АГ: Cell Research вышел на передовые позиции, потому что в Китае огромные деньги вложены в развитие исследований по стволовым клеткам. И этот самый журнал как раз специализируется на стволовых клетках. Он вырос на финансировании конкретной отрасли.
АМ: Хорошо. Предположим, моя любимая тема – мозг. Программа «Мозг», и одновременно формируем журнал, связанный с нейронауками. И говорим: «Все, что по этой программе, печатаем здесь». Может быть, такой путь?
АГ: Если программу хорошо финансировать, чтобы получались конкурентоспособные результаты, журнал тоже станет конкурентоспособным.
C этой стороны надо идти. С исследований.
АН: А как может молодой исследователь претендовать на грант? Ведь денег на публикации у него нет.
АГ: Это уже западная система… Сейчас там в гранты закладываются деньги на публикацию результатов. А с нуля вы не получите грант. Но по факту вы же не от сохи приходите. Вы студент сначала, потом аспирант, постдок. У вас лично денег нет, но вы работаете в рамках какого-то гранта.
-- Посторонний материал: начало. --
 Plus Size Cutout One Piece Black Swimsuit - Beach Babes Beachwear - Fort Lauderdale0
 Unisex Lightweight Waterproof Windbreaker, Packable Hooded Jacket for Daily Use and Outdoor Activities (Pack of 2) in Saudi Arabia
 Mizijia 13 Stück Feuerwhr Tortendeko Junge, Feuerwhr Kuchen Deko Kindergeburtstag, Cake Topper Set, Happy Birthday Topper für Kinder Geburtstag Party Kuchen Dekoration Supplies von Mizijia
АМ: Вот я преподаватель – у меня студенты, аспиранты, докторанты. Моя задача как руководителя – вывести их всех в науку. Он только начинает работать, сделал не так много, но мы его включаем в статью как соавтора. Он должен выйти у меня из аспирантуры как минимум с 3–4 статьями. Иногда мы инвестируем больше, чем можем получить. Это некоторый аванс – иногда он оправдывает себя, иногда нет. Но он нужен. Я считаю, задача руководителя в том, чтобы, выйдя из аспирантуры, кандидат понимал: вот есть условия для получения грантов, если я способный, я могу в них участвовать. Если неспособный – это уже другая история.
Сейчас в университете объявлен грант. 50 процентов позиций в нем должны занимать люди моложе 35 лет. 60 процентов фонда заработной платы должны быть истрачены на молодых. Эти административные шаги и способствуют развитию науки в направлении, которое считается перспективным.
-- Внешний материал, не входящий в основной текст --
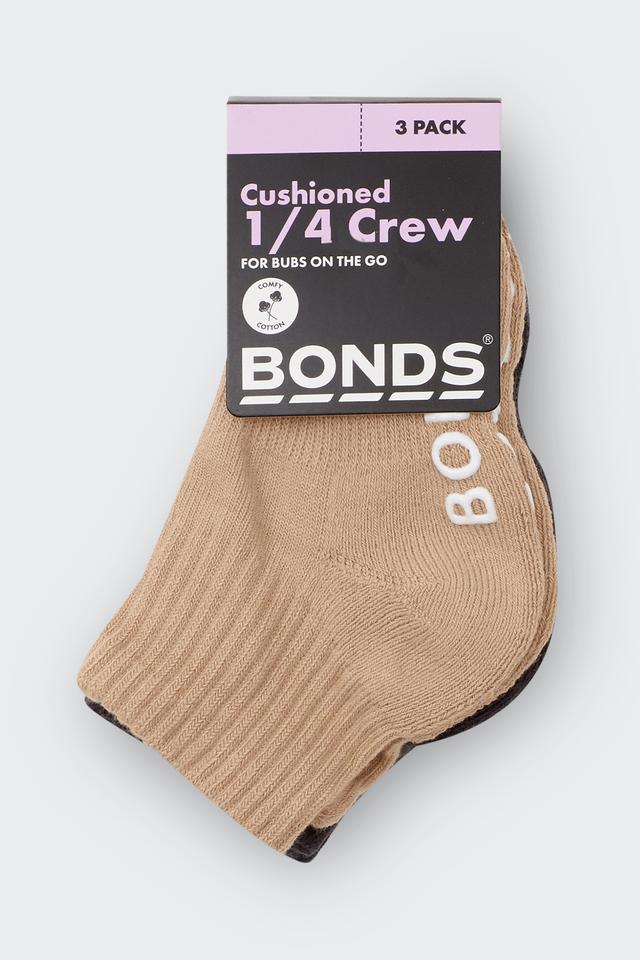 Baby Logo Cushioned Solid Colours Quarter Crew 3 Pack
Я бы спорил, может, о процентах. Но в принципе – это ситуация, позволяющая вывести молодых людей на хороший уровень.
АН: Давайте скажем пару слов о рецензировании.
АМ: Если этого нет – все можно закрывать. Это самое главное в журнале.
АГ: Системы рецензирования могут быть разными – двойное слепое, одностороннее слепое и т. д. Но это основная функция журнала, на мой взгляд. Журнал – это фильтр, через который поступает информация в общее пользование.
АМ: Без системы независимого объективного рецензирования можно о чем угодно говорить – все ноль.
АН: А что дает рецензия самому человеку, который ее делает?
АГ: Ничего абсолютно.
АМ: Часто все держится на главном редакторе, который обращается к специалистам в этой области: моя к тебе просьба, прочти эту статью и напиши мне, что ты реально по этому поводу думаешь.
АГ: И это уже плохо.
АМ: Это плохо. Но это хотя бы какой-то способ объективного рецензирования.
АН: Что ж, подведем итоги. В теории наши журналы нужны, но сегодня нет условий для их развития. И если ситуация не изменится, скорее всего, наши журналы будут становиться все хуже и хуже, пока не вымрут.
И все-таки мне кажется, что российские журналы обязательно нужно печатать, иначе науки у нас не будет – она зачехлится, и мы даже не успеем оглянуться, как это произойдет.